Shi'a Muslims, listed as a 'deviant' sect by Malaysia's Islamic law in this majority Sunni Muslim state, also continued to face difficulties. In May, in the central state of Selangor, authorities broke up a gathering of Shi'a who were celebrating the birthday of a daughter of the Prophet, on accusations of proselytizing. Four people were reportedly detained.

In August, police raided a Methodist-Christian Church in Selangor, accusing members of attempting to convert Muslims at a charity event, an accusation the group denied. Soon after, rallies against alleged Christian proselytizing were held across the country, organized by Himpun, an ad hoc coalition of Muslim groups pushing for a conservative, pro-Muslim Malay agenda.

In April, Abdul Taib Mahmud was reelected as Chief Minister of Sarawak – a forested state on the island of Borneo – continuing his 30-year reign over a state where 50 per cent of the population are indigenous people, collectively referred to as Dayak or Orang Ulu. Elections were marred by reports of vote-buying and intimidation of indigenous communities. International observers as well as local election monitors were reportedly not allowed into the state, and some indigenous people were not registered to vote because they had been denied national identity cards. At least 480,000 people (one-third of eligible voters), largely from rural areas affected by land-grabbing, are not registered to vote. Members of the Penan community say they have repeatedly sought identity cards but their applications are never processed.
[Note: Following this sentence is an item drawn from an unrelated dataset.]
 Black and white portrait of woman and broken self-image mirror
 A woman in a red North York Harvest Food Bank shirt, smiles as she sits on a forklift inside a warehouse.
In 2011, accusations of corruption against the Chief Minister gained momentum: the UK government announced it would investigate accusations of money-laundering against him. Taib has notoriously provided business contracts to his family and associates for logging, hydro-electric projects and palm oil plantations in Sarawak. Three Chinese state-owned companies are helping to build a network of as many as 51 controversial dams to spur rapid industrial development. Many of these concessions have been granted in territories contested by indigenous peoples, whose rights are recognized under Malaysian law. Less than 10 per cent of Sarawak's forest is reportedly left intact, a figure hotly contested by the Chief Minister.

In June, the Malaysian national human rights institution, Suhakam, announced its National Inquiry into the land rights of indigenous peoples, and has so far received almost 900 land rights complaints. Suhakam plans to conduct a series of consultations in affected areas and release its report by June 2012.

Indigenous community attempts to enforce their traditional land rights in Malaysian courts have had mixed results. In September, members of indigenous groups lost their decade-long fight against state confiscation of land to construct the controversial 2,400-megawatt Bakun dam in Sarawak. The Federal Court ruled that the state had not violated their native customary rights. However, the Chief Judge of Sabah and Sarawak expressed concern that provisions in the land code seem to give wide powers to ministers to override customary land rights. In October, with the help of Sinohydro and China Export Import Bank, the dam became operational after nearly five decades of delays.

Indigenous groups won a victory in September, when the state government postponed the construction of the Baram dam, set to displace 20,000 people. Strong resistance from affected Kayan, Kenyah and Penan groups is thought to have been the impetus behind the decision. However, the dam will only be delayed for further social impact assessments and until the Baleh dam is complete, a project that will resettle fewer communities. Also in September, the High Court in Sabah and Sarawak ruled that the Forestry Department had issued illegal logging licences for land covered by native customary rights of the Krian people. It is hoped that this ruling will have positive implications for land rights cases pending in lower courts against state confiscation of indigenous ancestral lands; estimates of the number of cases vary from around 200 to over 300.